[Work required] Please copy each line in the records below that contains the string "Photo".

[Recorded data]
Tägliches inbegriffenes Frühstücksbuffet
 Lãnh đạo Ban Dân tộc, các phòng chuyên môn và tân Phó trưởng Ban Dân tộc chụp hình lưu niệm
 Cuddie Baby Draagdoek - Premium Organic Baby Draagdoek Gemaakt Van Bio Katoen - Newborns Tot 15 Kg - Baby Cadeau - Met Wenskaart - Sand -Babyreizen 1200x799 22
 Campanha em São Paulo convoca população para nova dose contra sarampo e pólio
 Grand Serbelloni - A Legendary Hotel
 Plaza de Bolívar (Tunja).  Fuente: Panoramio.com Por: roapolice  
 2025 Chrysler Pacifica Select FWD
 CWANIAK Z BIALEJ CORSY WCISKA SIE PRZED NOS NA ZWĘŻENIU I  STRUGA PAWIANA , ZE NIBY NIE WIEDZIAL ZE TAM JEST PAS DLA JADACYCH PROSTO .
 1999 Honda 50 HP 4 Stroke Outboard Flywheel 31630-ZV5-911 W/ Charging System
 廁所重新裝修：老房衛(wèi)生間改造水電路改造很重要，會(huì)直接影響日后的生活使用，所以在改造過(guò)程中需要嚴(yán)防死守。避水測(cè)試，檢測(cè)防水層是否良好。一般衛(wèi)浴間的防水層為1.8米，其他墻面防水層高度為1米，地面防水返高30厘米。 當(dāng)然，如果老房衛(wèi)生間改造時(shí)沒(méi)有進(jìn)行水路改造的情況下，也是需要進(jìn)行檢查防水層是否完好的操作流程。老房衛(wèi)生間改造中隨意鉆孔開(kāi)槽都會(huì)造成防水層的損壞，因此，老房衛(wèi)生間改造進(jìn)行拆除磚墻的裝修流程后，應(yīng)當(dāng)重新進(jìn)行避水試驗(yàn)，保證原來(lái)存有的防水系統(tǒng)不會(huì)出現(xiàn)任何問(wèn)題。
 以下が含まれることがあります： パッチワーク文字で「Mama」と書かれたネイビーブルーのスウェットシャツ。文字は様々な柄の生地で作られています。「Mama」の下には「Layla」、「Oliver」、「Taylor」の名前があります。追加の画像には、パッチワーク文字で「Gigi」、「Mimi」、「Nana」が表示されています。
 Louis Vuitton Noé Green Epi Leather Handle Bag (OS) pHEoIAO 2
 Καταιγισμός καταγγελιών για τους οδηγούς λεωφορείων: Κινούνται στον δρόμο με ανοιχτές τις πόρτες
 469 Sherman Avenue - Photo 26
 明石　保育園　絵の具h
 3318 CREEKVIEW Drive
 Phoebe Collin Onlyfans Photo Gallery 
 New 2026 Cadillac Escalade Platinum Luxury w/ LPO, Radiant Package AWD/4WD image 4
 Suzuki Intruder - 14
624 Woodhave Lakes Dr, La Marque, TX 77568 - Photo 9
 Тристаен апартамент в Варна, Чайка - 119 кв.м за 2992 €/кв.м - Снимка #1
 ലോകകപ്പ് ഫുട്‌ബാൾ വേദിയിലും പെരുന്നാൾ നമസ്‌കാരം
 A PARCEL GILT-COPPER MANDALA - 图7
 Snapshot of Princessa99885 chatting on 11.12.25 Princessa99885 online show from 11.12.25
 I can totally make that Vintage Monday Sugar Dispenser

[Output of the exercise]
 469 Sherman Avenue - Photo 26
 Phoebe Collin Onlyfans Photo Gallery 
624 Woodhave Lakes Dr, La Marque, TX 77568 - Photo 9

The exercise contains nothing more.